このような体制と環境を通して、大学発の技術やアイデアが研究開発に伴う障害を乗り越え社会への実装に繋がっています。
④ 日本と中国の研究環境の違いについて
分野によりますが自分が関連する領域では特に、中国側の「失敗を容認する」という環境づくりや文化が印象的です。前述した技術開発や事業化へスムーズに繋げる仕組みに加えて、失敗を受容し挑戦を促す創業エコシステムの理念が感じられます。

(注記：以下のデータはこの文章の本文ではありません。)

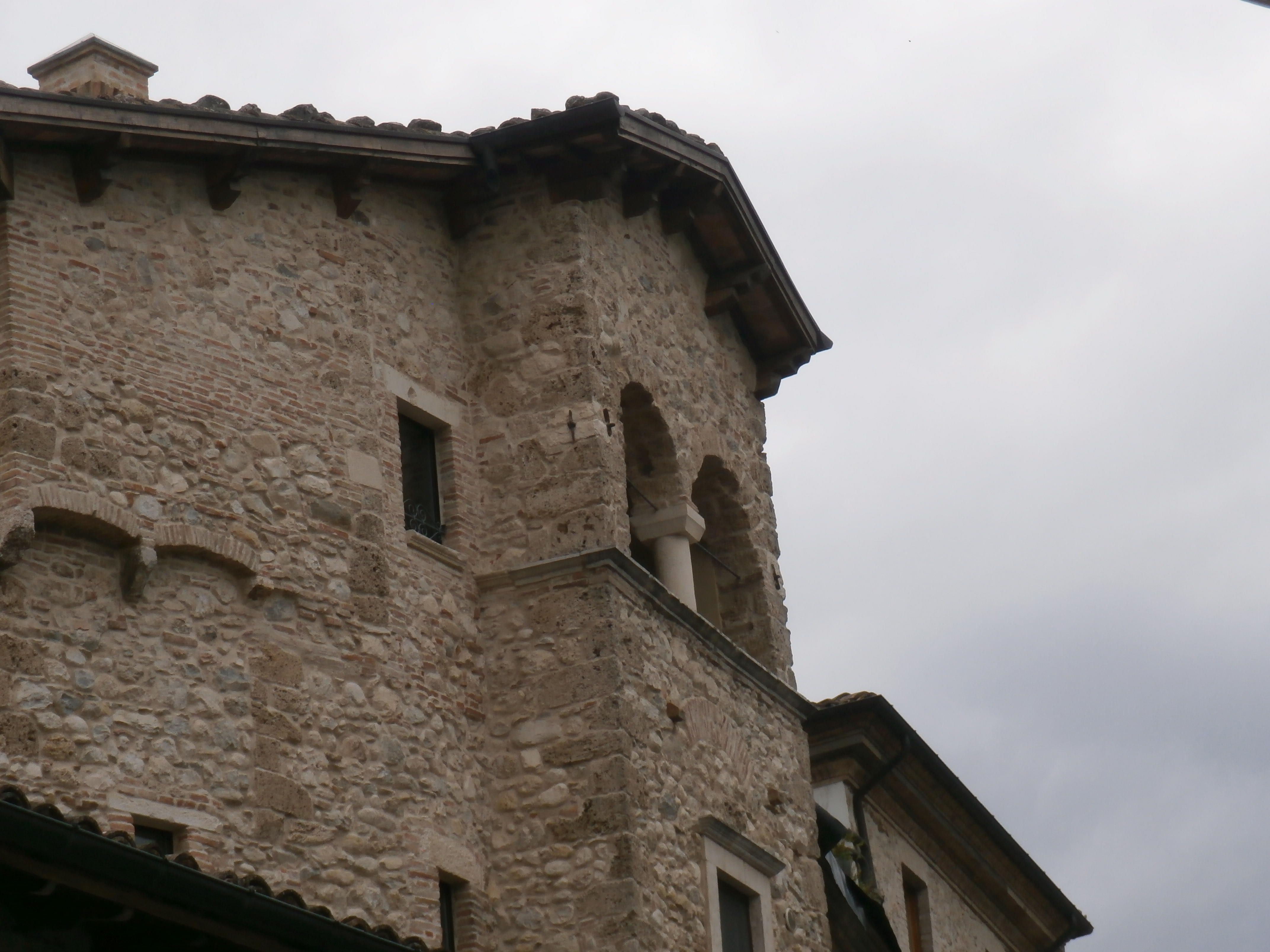 Palazzo in Piazza Mazzoni (casa, a torre) - Isola del Gran Sasso d'Italia (TE)  (XI)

以前に清華大学五道口金融学院の田軒副院長がある講演の中で「中国の大学生の起業の失敗率は95%」と話したことに対し、日本の経営者から「なぜそんなに成功率が低いのに大学が起業を奨励するのか」との質問が挙がりました。田副院長は、「若者の活力や感性に期待している」という理由の他に、「失敗を容認させるため」という理由を挙げました。

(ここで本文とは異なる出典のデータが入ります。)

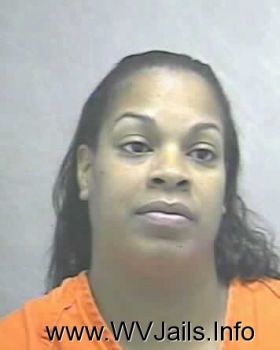 Yarletta Joann Santiago Mugshot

大学側は事前に学生に対して失敗してもいいのだと伝え、たとえ失敗したとしても再起を促すようにしているとの事です。大学だけでなく社会や国にもそのような見方がある事を学生達が認識するからこそ挑戦に繋がるとの回答でした。
エリート教育というと、日本でも官僚主義に繋がると指摘されたような「なるべく失敗をしない事」を評価する傾向が考えられますが、その場合の弊害として産まれるのは「失敗を恐れる減点主義や前例主義に終始し、他人の失敗を受容できず、自らの失敗も認めない」といった文化であり、これはイノベーションや技術開発には結びつかないどころか障害にさえなり得ます。
⑤ 中国での研究活動を考えている研究者にアドバイスを
日本での中国イメージは偏っているという事を念頭に置いた上で冷静に検討することをお勧めします。
日本では中国への親近感が約1~2割程度という世論を背景に、研究協力についても否定的な捉え方が少なくありません。近年では中国の基礎研究分野に携わる日本人研究者も日本国内で後ろ指をさされる例も見かけます。残念ながらこのような環境がすぐに改善する見込みはなく、将来的に日本国内での活動を重視する場合は一応留意した方が良いかと思います。
他方で中国現地の調査では約半数の中国人が日本への親近感を持ち、研究でもビジネスでも日本側との連携に前向きな姿勢が散見されます。中国側の熱意に対する日本側の消極的な姿勢は、中国に滞在した多くの日本人が「温度差」として感じるところでもあります。
ですから中国においては日本人としても伸び伸びと研究に携わることもできますし、競争や評価は厳しいですが技術やアイデアを形にしやすく、市場や挑戦の舞台も大きいのでやりがいを感じるでしょう。